Sebaliknya, Saudi justru berupaya agar keadaan ini berbalik arah. Dalam artian, Saudi tidak menerima hasil rekonsiliasi tersebut.
Ia menyebutkan, meskipun Hadi pernah menjabat sebagai presiden selama 20 tahun, dia tak mendapatkan dukungan dari rakyat Yaman. Hadi menjadi presiden berkat dukungan dari koalisi partai politik yang didukung Saudi, Amerika Serikat (AS), dan faksi islamis Ikhwanul Muslimin.
Karena itu, kebijakan-kebijakan yang diambil Hadi selama memimpin Yaman melegitimasi kepentingan-kepentingan Saudi dan AS.
Pengamat politik Timur Tengah, Dina Sulaeman mengungkapkan, Hadi sejatinya tak dipilih rakyat, melainkan ditunjuk oleh Dewan Negara Teluk, yang saat itu memediasi transisi politik di Yaman.
Selama transisi politik, Hadi mengambil kebijakan yang bertumpu pada perekonomian liberal. Hal ini sejalan dengan permintaan International Monetary Fund (IMF) dan Bank Dunia.
Sejak memimpin Yaman, Hadi telah memberikan izin kepada Saudi dan Qatar untuk membeli aset-aset yang paling berharga milik Yaman. Kebijakan ini diambilnya atas saran dua lembaga keuangan dunia tersebut. Sebelumnya, saat Yaman dipimpin Presiden Ali Abdullah Saleh, kebijakan itu tidak pernah diambilnya.
Atas kondisi tersebut, Ansarullah tidak hanya menggulingkan pemerintahan Hadi yang didominasi kelompok islamis. Tetapi juga menyelamatkan aset-aset penting milik Yaman.
Langkah Ansarullah tersebut mendapat dukungan dari mayoritas rakyat Yaman. Mereka pun kerap menyuarakan penentangan terhadap AS, Saudi, dan sekutu-sekutunya.
Fakta ini tak dilihat atau bahkan ditutupi oleh orang-orang yang berseberangan dengan perjuangan Ansarullah. Padahal, mayoritas rakyat Yaman mendukung pemerintahan yang saat ini dipimpin faksi politik terbesar di Yaman tersebut.
Alih-alih melihat dukungan dan suara rakyat, Saudi terus membombardir Yaman. Tujuannya, rezim Saudi ingin mengembalikan pemerintahan Hadi, melindungi perdagangan global, dan memastikan langkah-langkah penghematan yang diminta IMF.

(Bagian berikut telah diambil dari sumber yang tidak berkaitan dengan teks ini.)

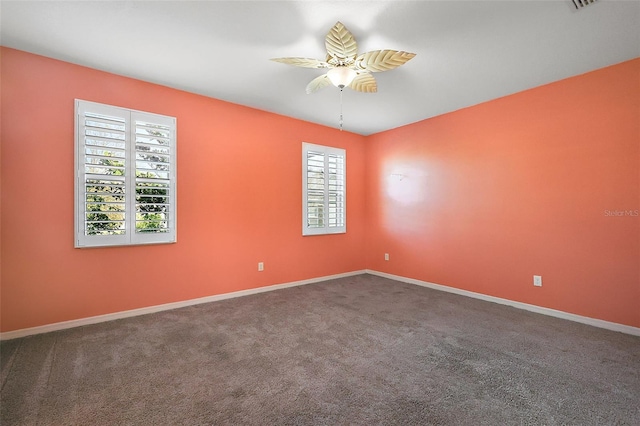 carpeted empty room with ceiling fan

Dina menyebutkan, Isa juga mengkritik media-media yang memberi label manipulatif yang menyematkan Ansarullah sebagai suku Syiah yang memiliki hubungan dengan Iran.
Padahal, menurut Isa, Ansarullah adalah aliansi politik yang longgar dari berbagai kelompok yang mewakili masyarakat Yaman secara umum. “Hampir 80 persen penduduk Yaman saat ini hidup di bawah otoritas kelompok ini,” jelasnya sebagaimana dikutip beritaalternatif.com di kanal YouTube pribadinya, Sabtu (21/5/2022) petang.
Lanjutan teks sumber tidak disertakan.